The storm pitches them back and forth in the mist, but Mirabella clings to the rail like a barnacle, even though she is panting, and the strength is leaving her legs.
The mist still holds them like a net.
“I’ve got you, Sister,” Arsinoe says. “I’ll help you.”
Mirabella blinks. Somehow Arsinoe fought her way across the deck. Somehow she is standing and pulling Mirabella back onto her feet. She slips her fingers into Mirabella’s hand and squeezes.
“I’m no elemental,” Arsinoe says. “But I am still a queen.”
&n
bsp; Mirabella laughs. She screams. And they face down the storm one more time as wind pushes the sails taut and the waves strike hard enough to tear at their clothes.
Perhaps if Katharine were there and they were three together it would have all gone easier. But as it is, they are only two, and the Goddess takes that much more convincing.
When the storm dies, it dies so quickly that Mirabella’s storm continues to rage for long moments before she realizes. She trembles, and Arsinoe catches her when she seems about to fall.
Around them, the white mist swirls and parts, revealing sunlight on the water, and in the distance, the dark shape of land.
“That’s it!” Billy shouts. “That’s home. I’d know it anywhere!”
Home. His home. Arsinoe throws her arms around Mirabella, and they huddle on the foredeck, so tired that their laughter sounds nearly like tears.
“I was afraid it was the island,” Arsinoe says. “Like it was on Beltane. But we made it! Jules! Jules, look!”
Jules is seated beside the rail with Joseph pulled across her lap. He is not moving.

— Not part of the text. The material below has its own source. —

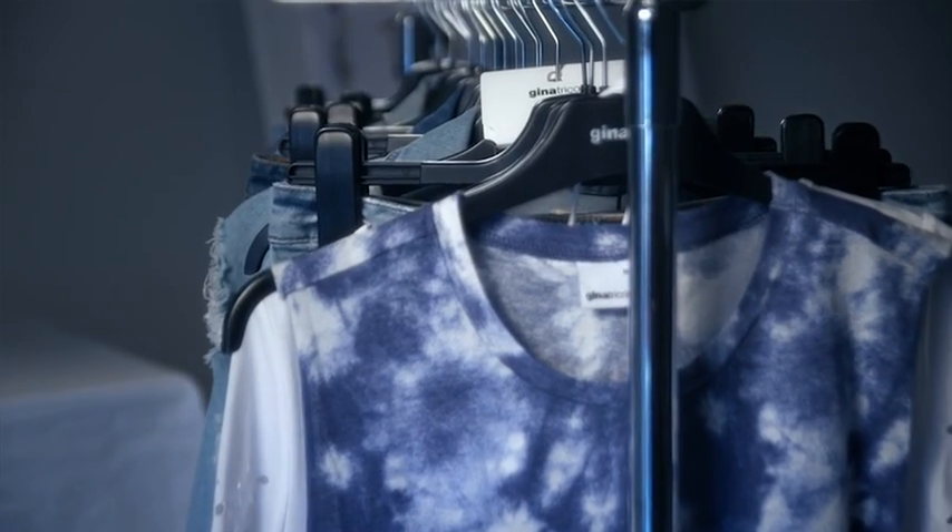One of the big things for this spring is the dip and tie-dye effects, and this works really well with this styling.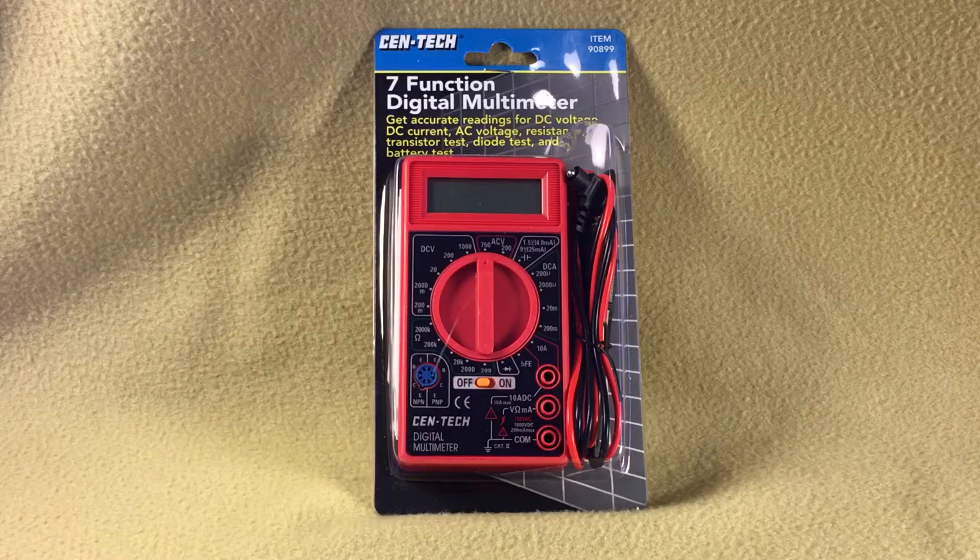Hi everyone, this is Kev from Kev Central. Today we're going to be looking at the 7 Function Digital Multimeter, item number 90899 from Harbor Freight.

Billy leaps down from the helm and rushes below to let Camden up; they can hear the poor cat butting against the door. In moments, she leaps onto the deck, lashing her tail angrily, and bounds to Jules. But when she sniffs at Joseph, she lets out a long, low moan.
“No.” Arsinoe runs to them. “No!”
She kneels and touches his cold face.
Billy turns away and curses. He grips the rail and shouts at no one.
“But we’re here,” Arsinoe says. “We made it!”
Jules grasps her, and they hold each other tight.
Mirabella approaches quietly, her ragged, torn skirt rustling and soaked with salt water.
“Oh, Joseph,” she whispers, and begins to weep.
“I’m sorry,” Arsinoe says as Jules struggles up from underneath them. Joseph’s face is peaceful. But he cannot really be gone. Not their Joseph.